▸ **Task directions**
Would you please transcribe the listing exactly, with no images?

▸ **Dataset extract**
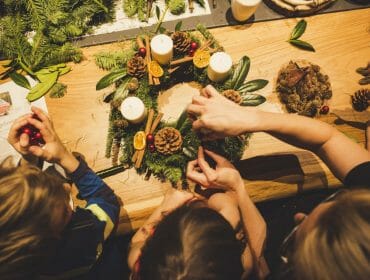 Domácí výroba adventního věnce z přírodnin jako je jehličí, šišky, skořice a sušené plátky citrusů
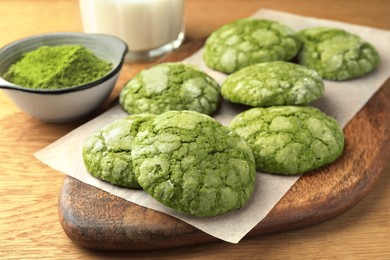 Tasty matcha cookies on wooden table, closeup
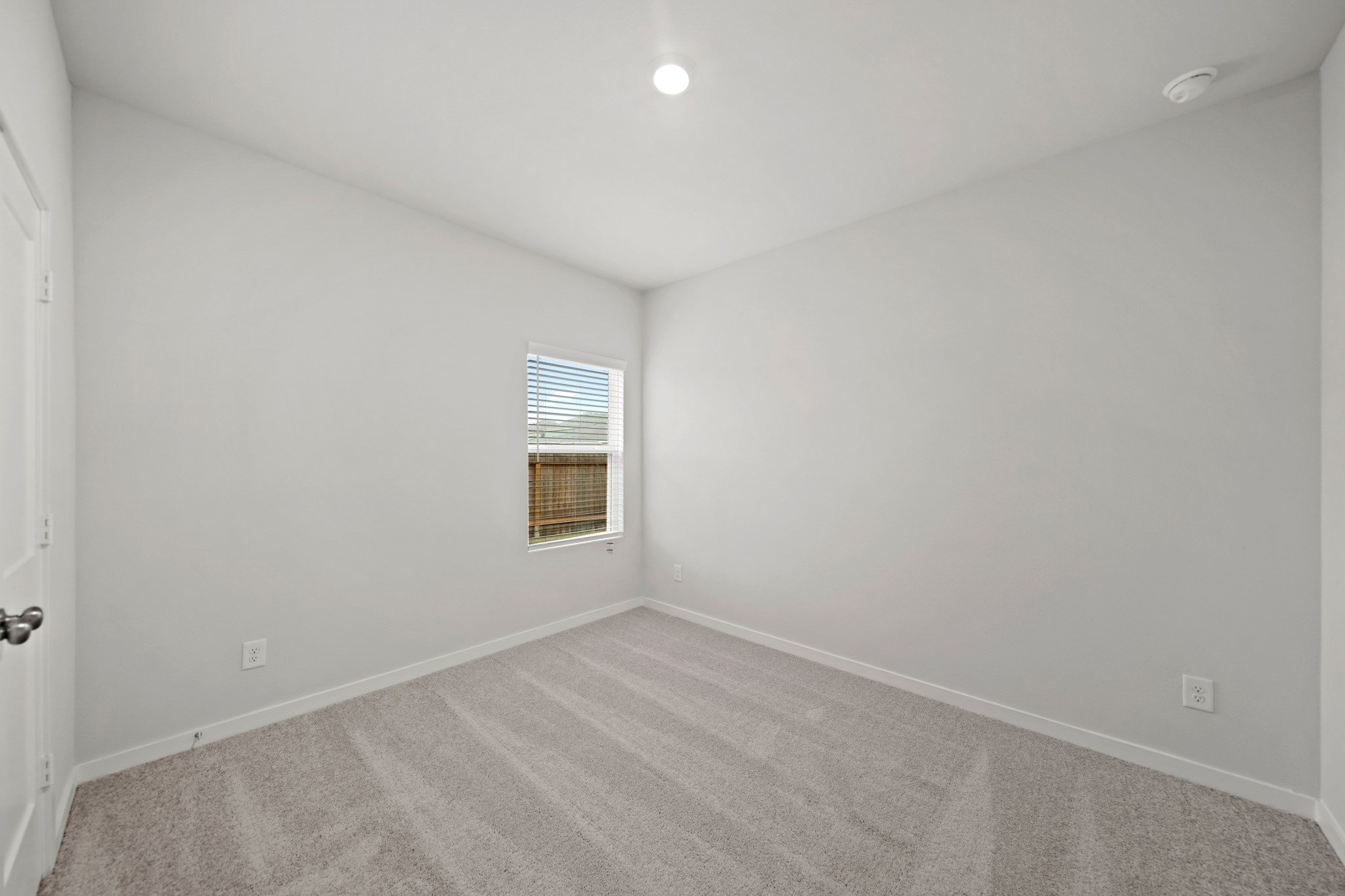 14405 Elmfield Lane Conroe, TX 77303 - Photo 13 of 22 an empty room with a window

▸ **Finished exercise**
 Domácí výroba adventního věnce z přírodnin jako je jehličí, šišky, skořice a sušené plátky citrusů
 Tasty matcha cookies on wooden table, closeup
 14405 Elmfield Lane Conroe, TX 77303 - Photo 13 of 22 an empty room with a window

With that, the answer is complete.